An error will be returned if the playerid was not already in the list but the player capacity for the server has been reached. The playerid will not be added to the list of playerids.
PlayerDisconnect
From:
Returns false if the playerID was not previously marked as connected. Returns true otherwise.
To:
PlayerDisconnect will return true and remove the supplied playerid from the list of playerids. If the playerid was not in the list of playerids the call will return false and the list will be left unchanged.
@domgreen nice! Much more explicit. I tweaked it a little in some places, but I think it reads much better (and is going to end up being our docs anyway).
Please take a look - I think this is much better :+1:
An error will be returned if the playerid was not already in the list but the player capacity for the server has been reached. The playerid will not be added to the list of playerids.
In both connect and disconnect, will we return an error if the sidecar is unable to update the CRD? Or since the CRD updates are batched and async, is that not possible?
If the sidecar can't update the CRD, is there a way to inform the game that there is an issue? Or will it just be silently swallowed by the sidecar and only visible in the sidecar logs?
@markmandel much better :) just typo playerDIs
in Connect.
@roberthbailey why might we not be able to update the CRD?
I think as this would all be async and the source of truth would be in memory (actually probably in the game I think). If for whatever reason an error would occur the gameplay code would need to handling it. The game itself doesnt really want an error if CRD isnt updated (my 2c). I would wait till next update time and try to set it again to the latest value.
In both connect and disconnect, will we return an error if the sidecar is unable to update the CRD? Or since the CRD updates are batched and async, is that not possible?
This is a good point. I will make a note on the design doc -- but this SDK implementation would match the other SDK methods. The functions are async in that they go into our standard workerqueue, and will retry until completed.

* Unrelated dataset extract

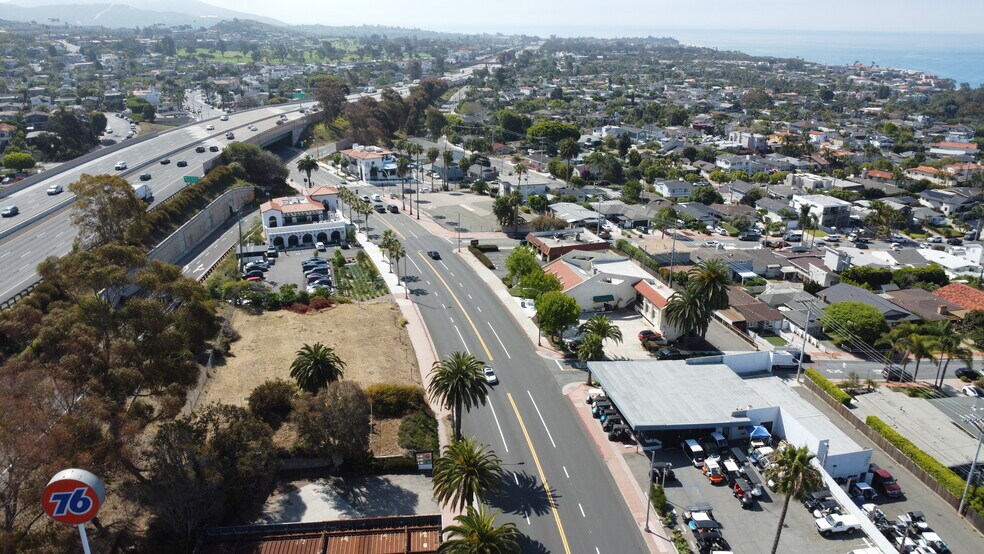 1315 S El Camino Real, San Clemente, CA à vendre - Aérien - Image 2 de 7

The only differenec here being that they are enqueue'd one second in the future. So the execution may intermittently fail (say a master goes down for a short period), but will eventually pass on retry (unless something catastrophic occurs).

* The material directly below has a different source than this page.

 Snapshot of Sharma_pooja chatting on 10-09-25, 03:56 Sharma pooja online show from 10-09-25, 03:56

I think as this would all be async and the source of truth would be in memory.
Exactly. Which is how we handle all GameServer changes from the SDK, and also why we have SDK methods that say that "this will always be accurate, even if the details haven't been stored on the CRD". So SDK.GetGameServer() will watch what is stored in the CRD, whereas SDK.Alpha.GetPlayerCount() (and related) will look at the local, in memory version, which is updated to the CRD on change.

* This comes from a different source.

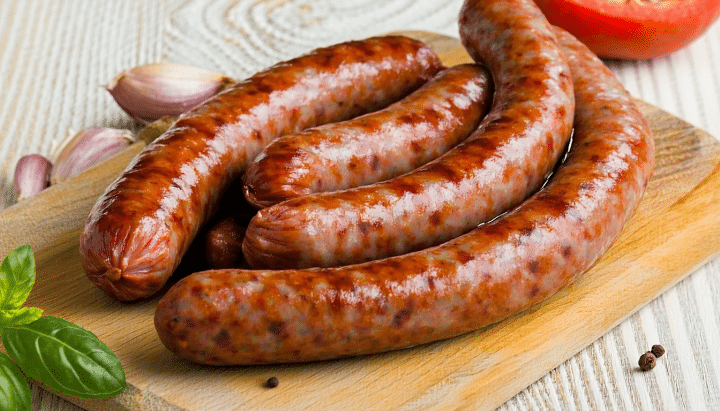 découvrez si vous pouvez donner du saucisson à votre chien sans risque pour sa santé. conseils vétérinaires, dangers potentiels et meilleures alternatives pour préserver le bien-être de votre animal.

This has been released in Alpha.
A heads up to @devjgm, @Reousa, @steven-supersolid, @mollstam, @dotcom , @drichardson who have been doing a lot of SDK work to include this. If you have cycles to work on adding these to your SDK of expertise, please let us know here.
Hey Mark! Thanks for the heads up, would be great to be able to contribute again! :)
Gave the issue a read, I see these have already been updated to the relevant proto files, so all that's needed is the relevant language implementation, yeah?
If my understanding is correct, consider it done (hopefully in a timely manner)! 👌
That's a good point - you will need to edit the gen.sh scripts such that they generate the code for the alpha.proto, and then yes -- implement the SDK over the top :+1:
Thanks!
Working on Node.js now
I'm going to suggest we close this ticket, since this has been released to alpha, and there is (mostly?) supported in the SDKs - and I think we can then track each of those as seperate tickets as needed.
Also #1677 is going to break all the things (will likely aim to tackle in the next release), so we can track the ongoing work there as well.
Sound good?
Closing as per the last comment (1.5 years ago).